大抵のマンガは買えるのに、どのサイトでも中古は売りに出ていなかった。出版社でも

売り切れ状態で、第19刷が12月1日に出来るのを待って、アマゾンから送られてきた。

アニメ映画の評判で、マンガ本も大いに売れているらしい。


『夕凪の街 桜の国』は2005年の第9回手塚治虫文化大賞新生賞を受賞している。「夕凪の街」は

昭和30年の広島の日常生活を描いた。皆実という若い娘が、病身の母親と2人だけで、つましく暮らし

ているが、彼女の父は原子爆弾で死んでいる。姉妹も死んでいる。ふたりは「あの日」のことは触れない

で、平和に静かな日々を生きている。皆実の職場の同僚といつしかほのかな恋仲になっている。

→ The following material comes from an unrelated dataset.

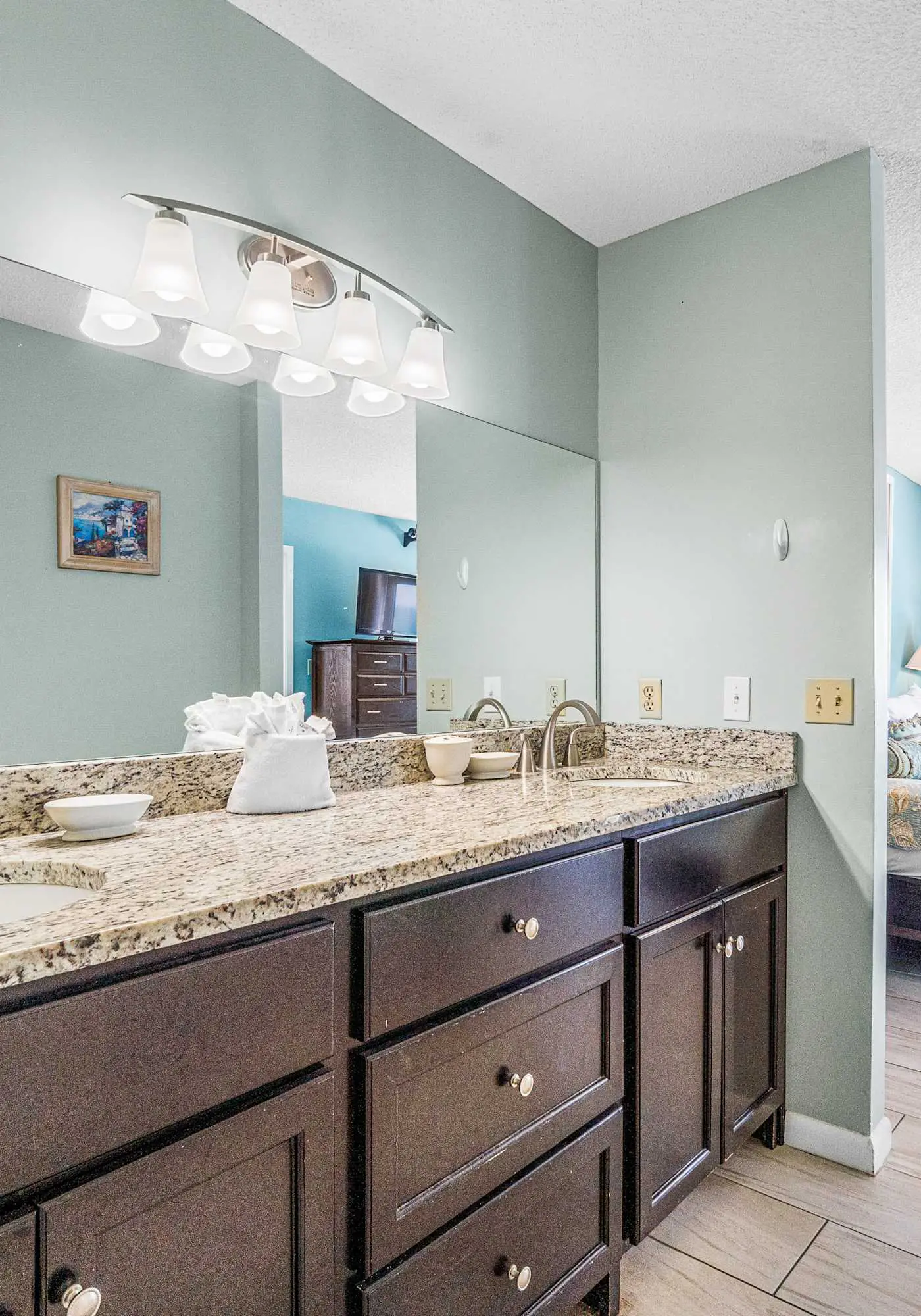 Stunning beachfront condo w/ a full kitchen, private balcony, & shared pools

彼はプロレスの力道山と広島カープのことばかり話題にしている。そんなある日、彼が橋のたもとで皆実

の肩を抱く。唇を合わせようとしたとたん、皆実が記憶の底の底に、なかったことのように押し隠してい

た、この橋と川で10年前のあの日に出遭ったシーンがよみがえる。川は原爆による無数の死体で埋め尽

くされていた。「ごめんなさい」と彼女は逃げるように走り去る。それからまもなく、彼女は原爆症を発

病し、死んでしまう。彼女はさいごの意識の中で、「ひどいなあ。てっきりわたしは、死なずにすんだ人

かと思ったのに。 ああ風……夕凪が終わったんかねえ」とつぶやきながら。


『この世界…』は2009年に第13回文化庁メディア芸術祭優秀賞を受賞している。昭和18年12月

から昭和21年1月までの広島県呉市を舞台に、18歳で北条家に嫁いだ、素朴な娘すずの生活を中心

に、戦時中の呉、広島の庶民生活と戦災記録を描いた物語である。


作者のこうの史代さんは1968年広島生まれ。戦争も、原子爆弾も知らない戦後世代である。

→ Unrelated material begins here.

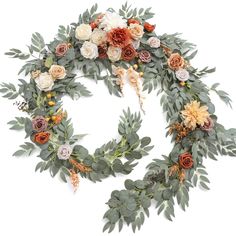 a wreath made out of flowers and greenery on a white background with the letter o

「戦時の生活がだらだら続く様子を描く事にしました」とあとがきのある。だらだら続く生活が、どれほ

尊いものかが描かれていくことになる。

当時の軍港呉市の地図や、愛国かるた、防空用器材、空襲時の避難心得などの絵が随所に挿入されて

効果がある。


山からながめる呉港に出入りする軍艦や、無数の米軍機の襲来、呉から遠い広島に落ちた原爆の

雲を眺めるシーンなど、強く印象に残る。

戦時下でも、庶民には「だらだら続く」生きるための生活があることを描いて、それが何物にも

代えがたい尊く大切なものであることを、哀切に、痛切に訴える傑作である。